Leave out the pictures and reproduce all of the data exactly.
-----
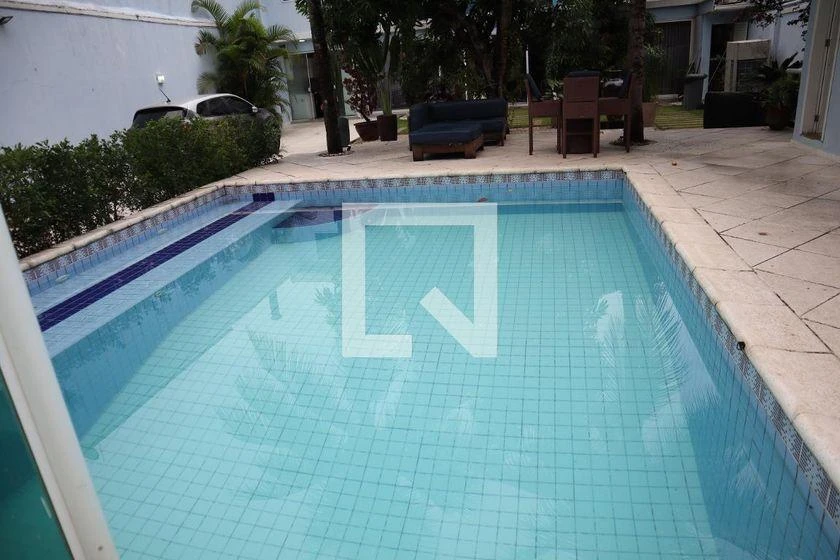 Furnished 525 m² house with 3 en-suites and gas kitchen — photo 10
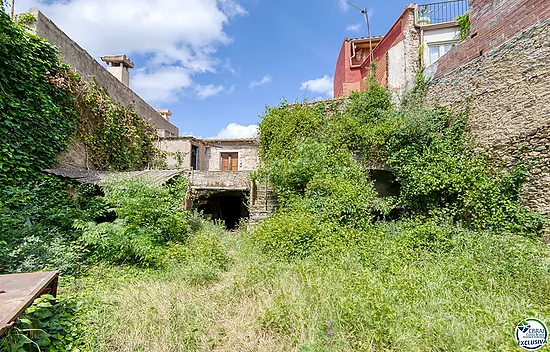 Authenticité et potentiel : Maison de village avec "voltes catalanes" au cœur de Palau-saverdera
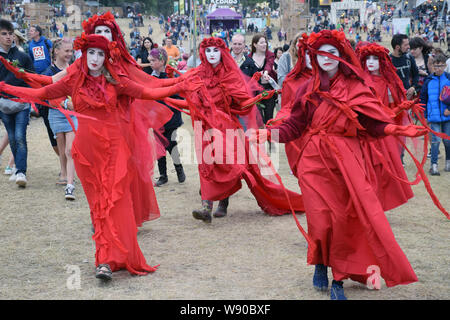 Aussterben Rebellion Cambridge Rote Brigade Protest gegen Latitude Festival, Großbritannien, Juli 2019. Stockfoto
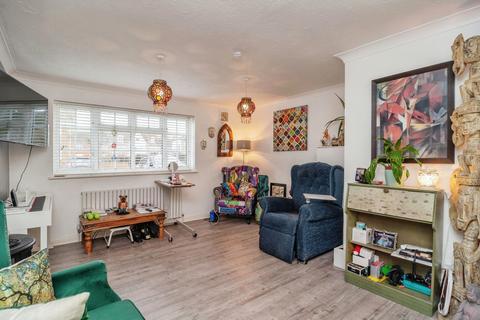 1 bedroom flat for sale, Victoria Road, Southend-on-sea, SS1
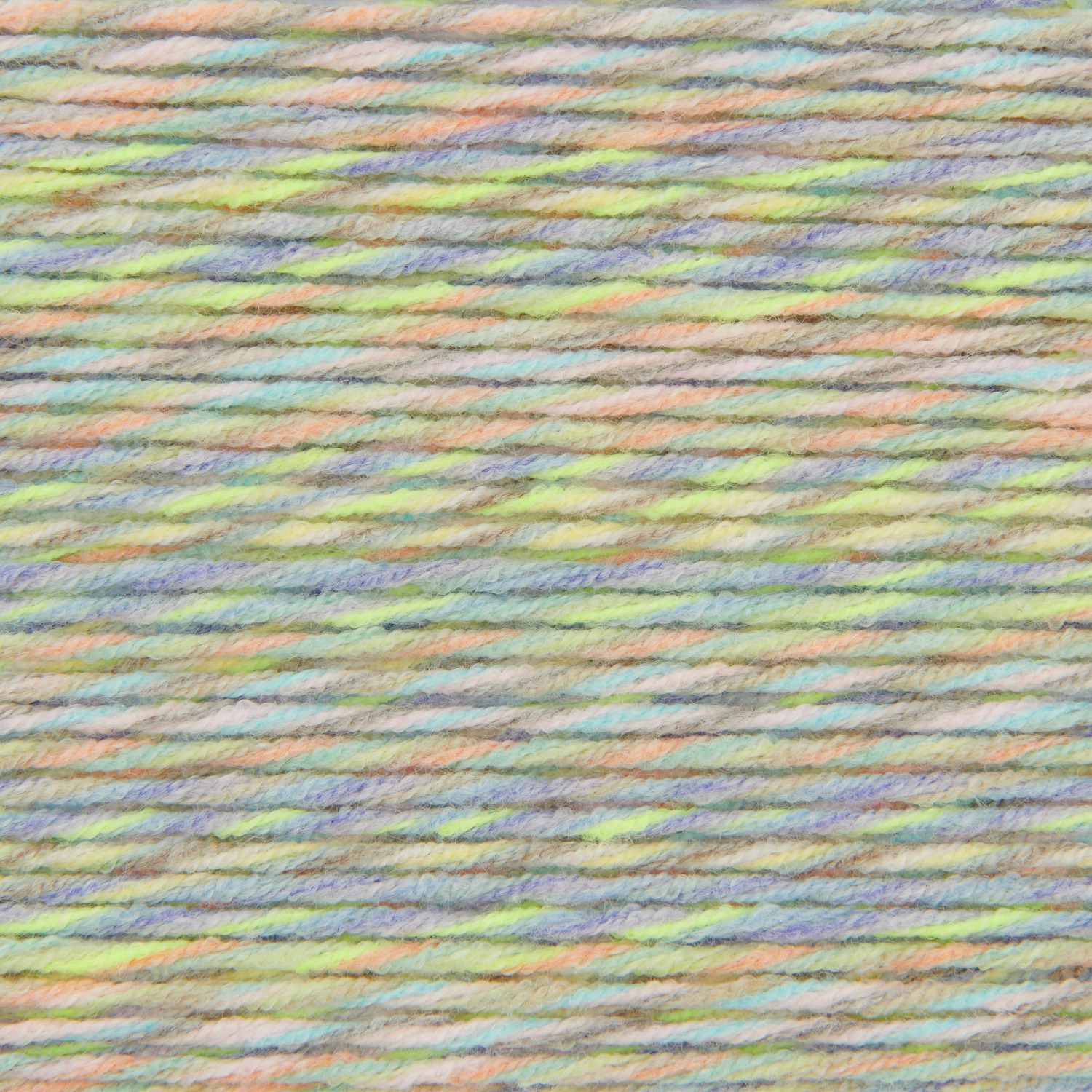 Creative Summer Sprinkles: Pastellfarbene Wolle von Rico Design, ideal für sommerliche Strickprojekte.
-----
EXPECTED OUTPUT:
 Furnished 525 m² house with 3 en-suites and gas kitchen — photo 10
 Authenticité et potentiel : Maison de village avec "voltes catalanes" au cœur de Palau-saverdera
 Aussterben Rebellion Cambridge Rote Brigade Protest gegen Latitude Festival, Großbritannien, Juli 2019. Stockfoto
 1 bedroom flat for sale, Victoria Road, Southend-on-sea, SS1
 Creative Summer Sprinkles: Pastellfarbene Wolle von Rico Design, ideal für sommerliche Strickprojekte.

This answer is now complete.